One could also argue that this scheme is cache-friendlier as one can use some kind of compact tree storage to maintain the keys and the structure of the tree in a small amount of memory, and with keys that are nearby in the tree being laid-out nearby in memory, thus reducing cache misses quite a lot.

In all cases, we still have reduced the complexity of building the initial tree from $O(n \lg n)$ to essentially $O(n)$,

### 6 Responses to Building a Balanced Tree From a List in Linear Time

1. Jimmi says:

I think if you have a list of sorted items, you can probably create an AVL-tree in O(N), which is actually self-balancing. The trick is an O(1) method that picks the root item from a list of length N, then you can recoursively create the left and right subtrees too.

• Steven Pigeon says:

If you have an array-list, you indeed have your $O(1)$ access to the pivot and the problem simplifies quite a lot. I suppose we could do the same with a skip-list. If you have an ordinary linked-list, you cannot do much better without using extra memory… basically building only the top levels of the skip-list. The resulting algorithm would be still something of $O(n \lg k)$, where $k$ is the size of a chunk that is using only regular-linked list (the structure would allow access to $O(n/k)$ entry points in the list in at worst $O(n/k)$.

2. Jimmi says:

Well, if the subtree-building function not only builds subtrees, but also tells the last link it used to do that, and you can calculate the pivot index in O(1), then you can still do it in O(N) with linked lists: the recursive function should process the left subtree first, then extract pivot, then process right subtree. With this approach extracting pivot element also takes O(1), and the whole algorithm runs in O(N) for linked lists too.

3. […] a while ago, I proposed a linear time algorithm to construct trees from sorted lists. The algorithm relied on the segregation of data and internal […]

4. Very interesting research! Just one concern. At least, we have to know the length of source list before processing. In most cases, we can calculate tho length in O(n) time (this will be the first pass).

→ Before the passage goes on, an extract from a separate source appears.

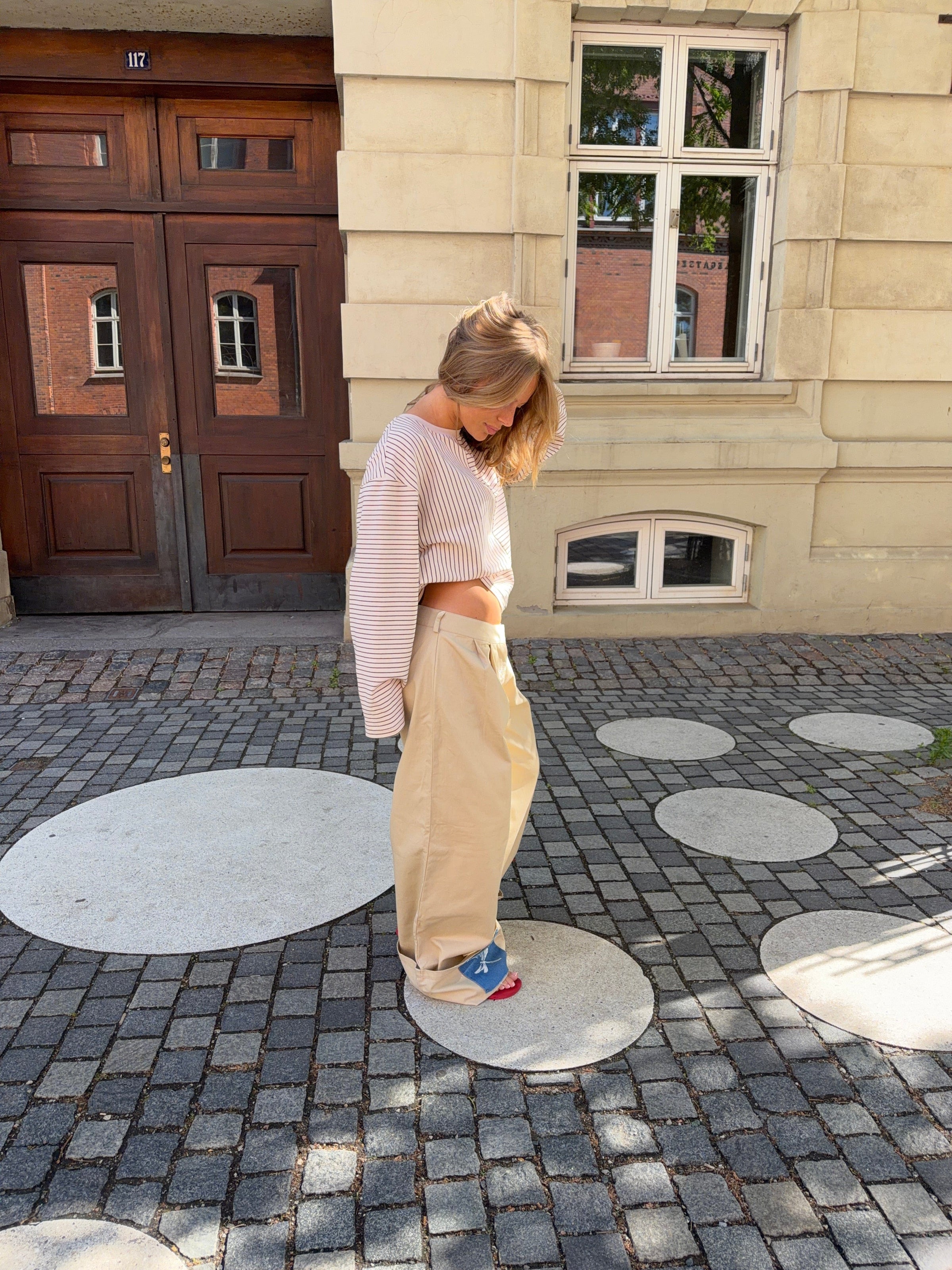Neva fold up pants - Beige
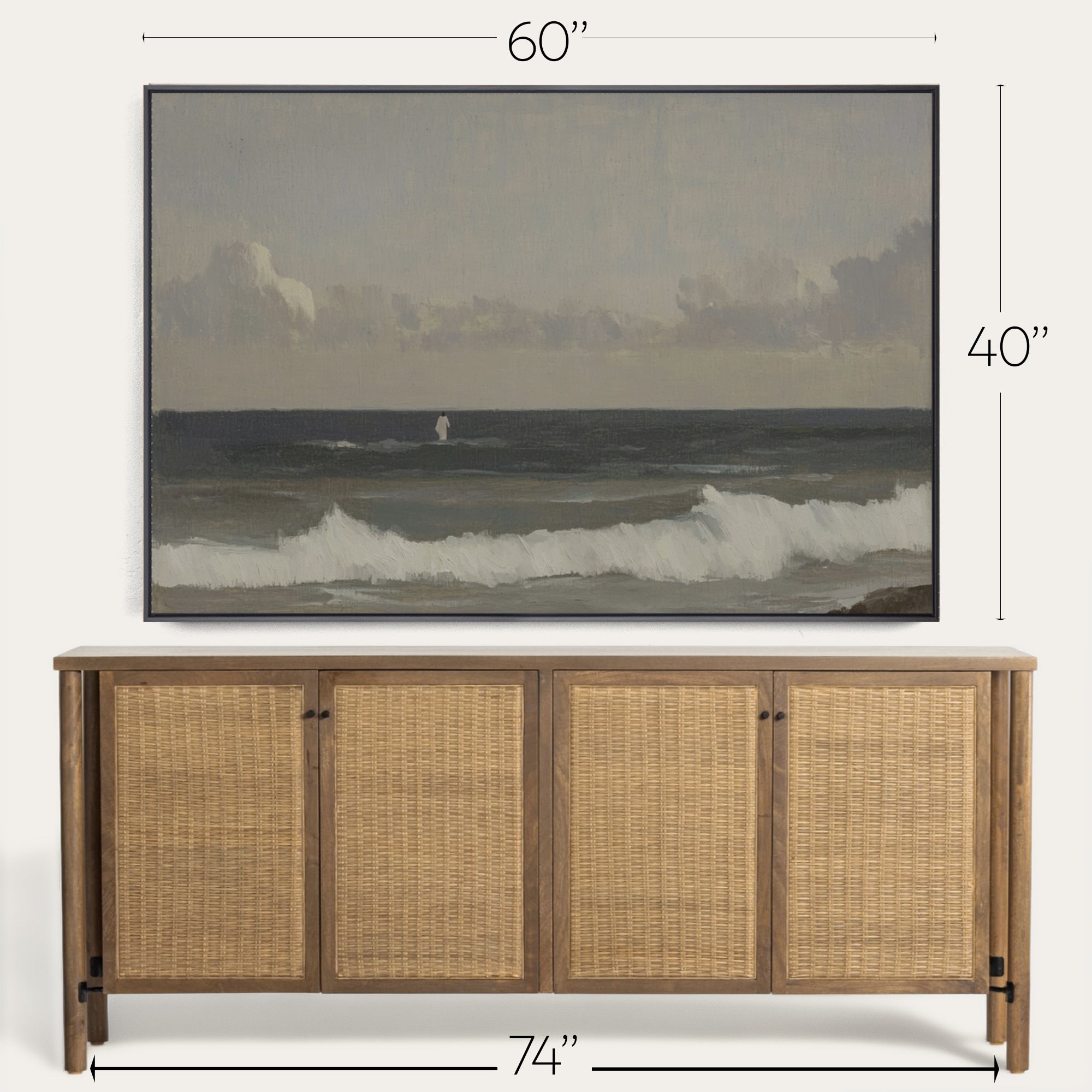 Wooden sideboard with wicker doors and a framed artwork above it, showing dimensions.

So, keeping this fact in mind, instead of calculating the length of the list we can convert it into the array and then end up with very simple and straightforward algorithm (with random access to an array). Anyway, this is still an interesting approach for the functional settings, where we don’t have arrays.

• Yes, I explored that type of addressing in a previous post. However, if that scheme is interesting for heaps (where the ordering invariant is different), it is not that useful for a tree that wil have items added or deleted, because 1) the array will have to be resized and 2) insertion will need large portion of the array being copied.